I guess it’s safe to say that I was perhaps dreading watching this movie long before the DVD review copy arrived because for some reason it was one of the most played trailers featured in DVDs and Blu-Ray movies for the past few months. Which is not necessarily a bad thing for a studio wanting to hype their films, but when that trailer pretty much gives away everything to expect, it’s difficult to feel motivated to watch what is mostly just an extended version of that trailer with little to add.
Which is perhaps the biggest problem with a film like Kidnap. The studio has already revealed too much of what to expect, so you end up watching the movie with little mystery and tension. Movies like Kidnap are built on that fear of a loved one being taken and that dread and mystery of now trying to find the perpetrators and return the victims to their loved ones. You can either play these out as a big suspenseful mystery or go all guns blazing like Liam Neeson’s Taken. Kidnap sadly doesn’t go to any of these places despite its best efforts at trying to replicate them.
Much of this is through some strange directorial decisions by Luis Prieto who perhaps starts things off the wrong way by trying to set up too much exposition and character building at the start of the film, manning that it takes a good 15 minutes to really get going. This isn’t necessarily always a bad thing, but that exposition, which is trying to build an emotional connection between the mother and her kid is never really used and in the end, these scenes appear to exist for nothing else other than extending the running time of the movie. Considering the film is an already brief 80 minutes and you realise it’s actually a large part of the movie.

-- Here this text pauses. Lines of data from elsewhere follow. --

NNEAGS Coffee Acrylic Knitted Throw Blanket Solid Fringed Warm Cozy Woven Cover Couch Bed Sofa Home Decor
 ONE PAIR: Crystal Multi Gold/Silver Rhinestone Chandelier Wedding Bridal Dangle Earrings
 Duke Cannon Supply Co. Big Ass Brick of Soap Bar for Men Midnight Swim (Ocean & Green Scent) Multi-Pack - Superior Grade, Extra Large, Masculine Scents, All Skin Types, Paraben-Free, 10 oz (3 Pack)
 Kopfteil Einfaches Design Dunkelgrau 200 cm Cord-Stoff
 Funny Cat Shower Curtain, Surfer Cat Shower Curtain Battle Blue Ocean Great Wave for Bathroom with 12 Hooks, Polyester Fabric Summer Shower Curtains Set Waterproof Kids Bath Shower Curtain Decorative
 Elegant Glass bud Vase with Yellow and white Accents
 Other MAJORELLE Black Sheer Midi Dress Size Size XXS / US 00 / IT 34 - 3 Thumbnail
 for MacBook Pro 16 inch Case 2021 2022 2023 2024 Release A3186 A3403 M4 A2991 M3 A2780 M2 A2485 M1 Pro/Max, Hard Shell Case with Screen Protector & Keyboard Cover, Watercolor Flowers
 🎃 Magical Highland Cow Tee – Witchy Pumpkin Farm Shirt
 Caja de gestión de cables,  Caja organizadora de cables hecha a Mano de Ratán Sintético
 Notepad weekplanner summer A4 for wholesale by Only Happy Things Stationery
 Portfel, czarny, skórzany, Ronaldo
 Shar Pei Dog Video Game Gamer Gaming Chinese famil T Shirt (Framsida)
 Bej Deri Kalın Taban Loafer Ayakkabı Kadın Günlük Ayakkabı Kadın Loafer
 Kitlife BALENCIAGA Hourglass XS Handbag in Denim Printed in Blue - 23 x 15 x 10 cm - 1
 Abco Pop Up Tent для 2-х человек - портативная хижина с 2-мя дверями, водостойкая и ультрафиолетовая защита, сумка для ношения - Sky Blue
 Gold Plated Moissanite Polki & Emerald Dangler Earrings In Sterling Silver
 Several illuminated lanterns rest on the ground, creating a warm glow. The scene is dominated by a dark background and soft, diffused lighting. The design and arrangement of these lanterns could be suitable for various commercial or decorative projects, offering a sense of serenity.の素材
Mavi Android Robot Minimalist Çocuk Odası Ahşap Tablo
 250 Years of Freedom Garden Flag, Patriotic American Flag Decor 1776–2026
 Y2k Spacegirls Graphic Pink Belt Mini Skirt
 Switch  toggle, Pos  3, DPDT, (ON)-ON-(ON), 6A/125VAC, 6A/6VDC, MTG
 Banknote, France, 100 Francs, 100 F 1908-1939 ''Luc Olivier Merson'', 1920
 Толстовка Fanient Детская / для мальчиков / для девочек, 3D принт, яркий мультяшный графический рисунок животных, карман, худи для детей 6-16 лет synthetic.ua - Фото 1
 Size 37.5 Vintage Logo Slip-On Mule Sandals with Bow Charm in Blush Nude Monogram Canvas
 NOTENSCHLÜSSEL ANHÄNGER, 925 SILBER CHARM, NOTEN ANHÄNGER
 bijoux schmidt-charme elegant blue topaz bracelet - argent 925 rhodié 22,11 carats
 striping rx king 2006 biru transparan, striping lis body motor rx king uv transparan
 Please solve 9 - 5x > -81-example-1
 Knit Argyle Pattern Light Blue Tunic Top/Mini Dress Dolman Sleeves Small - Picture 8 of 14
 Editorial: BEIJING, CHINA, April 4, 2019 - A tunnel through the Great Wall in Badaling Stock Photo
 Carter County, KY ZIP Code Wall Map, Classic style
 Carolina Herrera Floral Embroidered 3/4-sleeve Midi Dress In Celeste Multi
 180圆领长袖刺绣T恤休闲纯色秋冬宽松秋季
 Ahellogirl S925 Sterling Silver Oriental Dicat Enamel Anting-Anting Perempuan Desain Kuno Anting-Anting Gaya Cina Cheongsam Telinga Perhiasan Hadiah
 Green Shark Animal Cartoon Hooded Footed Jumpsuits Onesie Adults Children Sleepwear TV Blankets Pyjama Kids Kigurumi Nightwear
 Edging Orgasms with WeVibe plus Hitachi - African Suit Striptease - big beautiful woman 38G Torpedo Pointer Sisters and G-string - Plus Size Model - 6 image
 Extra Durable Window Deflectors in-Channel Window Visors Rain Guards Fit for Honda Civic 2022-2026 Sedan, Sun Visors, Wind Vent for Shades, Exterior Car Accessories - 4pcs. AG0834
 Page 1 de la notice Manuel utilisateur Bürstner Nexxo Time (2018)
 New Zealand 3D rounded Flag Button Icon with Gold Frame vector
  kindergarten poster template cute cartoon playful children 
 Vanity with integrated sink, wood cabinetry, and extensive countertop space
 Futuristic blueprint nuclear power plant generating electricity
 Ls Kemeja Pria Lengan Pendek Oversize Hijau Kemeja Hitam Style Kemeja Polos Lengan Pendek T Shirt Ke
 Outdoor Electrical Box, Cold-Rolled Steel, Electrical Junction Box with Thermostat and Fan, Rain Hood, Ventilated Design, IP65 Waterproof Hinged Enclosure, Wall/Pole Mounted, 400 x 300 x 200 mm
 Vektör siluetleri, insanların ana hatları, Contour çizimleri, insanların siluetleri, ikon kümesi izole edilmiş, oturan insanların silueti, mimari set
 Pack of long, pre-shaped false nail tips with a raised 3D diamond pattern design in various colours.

People inherently understand the bond a mother has with her children and so don’t need this set up for them. Indeed without this exposition, you feel the film would’ve started with more intensity and perhaps kept you invested in it for a longer period.
And that’s not to say that there isn’t intensity when Halle Berry’s character Karla Dyson realises her son (Sage Correa) has gone missing and the desperation she feels in wanting to chase down the perpetrator when she spots them. The issue is that this intensity is sandwiched by that lull before and then a stale car chase afterwards. To their credit, Prieto does direct some of those car chase sequences well, especially by keeping the camera focused on Berry with the chaos in the background to ensure the characters emotion is the centre of your attention. That emotion is just too short lived.
Further robbing the movie of some impact is that much of the plot drivers introduced by writer Knate Lee to keep the movie ticking along are essentially poor decisions by either Dyson or the perpetrators themselves. It’s a minor gripe, and I guess we need to expect that in the heat of the moment, people do make stupid decisions, even if it feels evident at times to the viewer.
Halle Berry does an adequate job in her role of the desperate mother here, and it’s hard to fault her performance in any way. The film could’ve perhaps done with a stronger antagonist or another main cast member though because she struggles to hold her screen time on her own and it’s something which the script seems to acknowledge as Berry ends up trying to explain some of her actions to herself before she does them. It makes sense in the context of the film but does look a little silly. The movie is already entirely predictable; it doesn’t need to be explained further.
Kidnap would’ve probably worked better as an episode of a TV show rather than a full-length feature on its own. It’s a little too drawn out and if it could’ve been tighter and a little quicker could’ve worked in hitting home its message further. Unfortunately what we are left with serves more like an advertisement for the strengths of a Chrysler mini-van that is virtually indestructible here than it is a gripping story. The biggest crime committed in this movie is the stealing of your time.